To my knowledge, Guardant 360 is a liquid biopsy that looks at circulating tumor cells vs. Foundation One which is a tissue sample biopsy. I do see that Foundation One is also offering a liquid biopsy.
There are advantages and disadvantages to both approaches. There's information online on this subject if you do a search.
Once you know you have a germline DNA defect (BRCA2), you can be sure that all your metastases have it too. Unfortunately, your prostate tumors are not the same as your metastatic tumors. Metastatic tumors are more evolved and will show more genomic changes.
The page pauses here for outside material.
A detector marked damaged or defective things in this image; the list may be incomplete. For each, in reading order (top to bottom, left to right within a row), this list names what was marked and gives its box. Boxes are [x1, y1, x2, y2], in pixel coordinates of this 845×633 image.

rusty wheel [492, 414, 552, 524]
As you say, PARP inhibitors have demonstrated effectiveness in germline DNA repair defects. Probably, carboplatin will prove to be equally effective. You will have to get them on a clinical trial (or pay an enormous cost out-of-pocket for the off-label drug) - there are a list of clinical trials with various PARP inhibitors in combination with other medicines in this article:
There is one other very rare genetic defect (MSI-Hi/dMMR) for which there is an approved therapy - Keytruda. That's it, so far. There are other clinical trials for a few other common somatic (tumor) genomic defects (e.g., PTEN loss, ERG-TMPRSS2 fusion, p53, etc.)
Castration resistance occurs whether or not you use ADT - maybe 2 months faster with it. The BRCA2 drives the genome towards castration resistance faster. Prostate cancer-specific survival is better with ADT, however.
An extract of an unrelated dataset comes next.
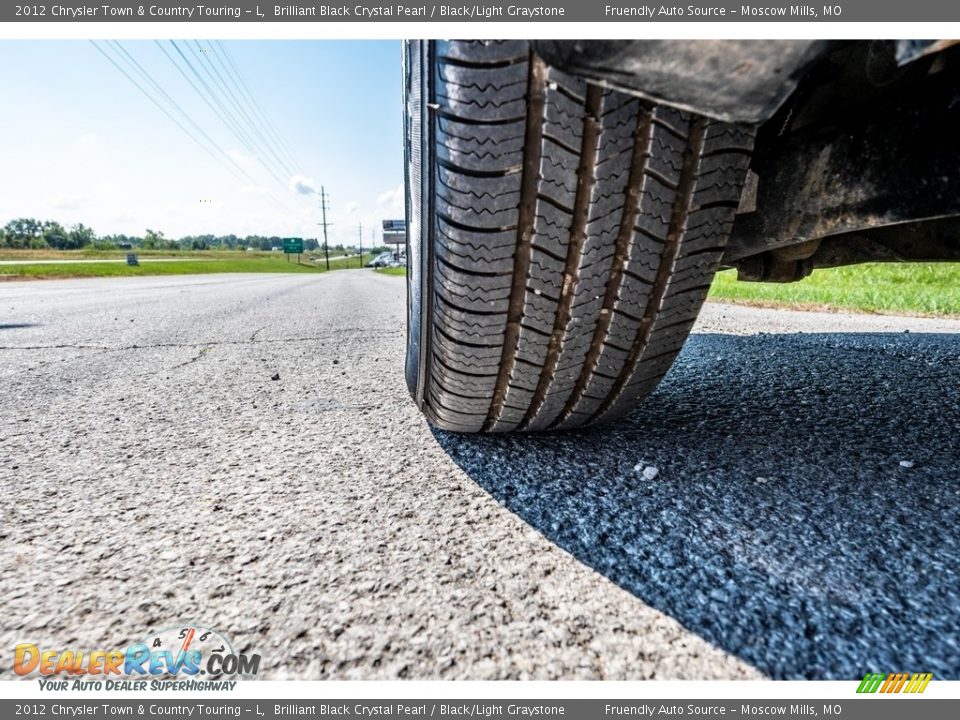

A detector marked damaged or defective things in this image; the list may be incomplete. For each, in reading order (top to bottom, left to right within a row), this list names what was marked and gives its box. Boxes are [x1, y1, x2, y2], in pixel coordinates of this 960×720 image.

rusty metal part [532, 40, 832, 124]
rusty metal part [724, 60, 960, 266]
In fact, in another response, I just quoted Dr. Duchesne talking about her TOAD randomized clinical trial of early vs deferred use of ADT. She wrote:
"One of the most thought-provoking findings was that the development of the castration-resistant phase occurred significantly earlier in the men who started treatment after a delay, a counter-intuitive finding. This may again be linked to treating low volume disease before it grows resistant clones."
Androgen receptor (AR) mutations have been identified in metastases - it is part of the natural history of genetic breakdown that occurs as cancer progresses. There are over 1,000 genetic mutations that have been identified. Many code for androgen independence by various mechanisms. The cancer cell "tries" them and the fittest ones survive and replicate the most, coming to predominate over time. ADT may first kill off the hormone-sensitive clones, but the hormone-insensitive clones were always there.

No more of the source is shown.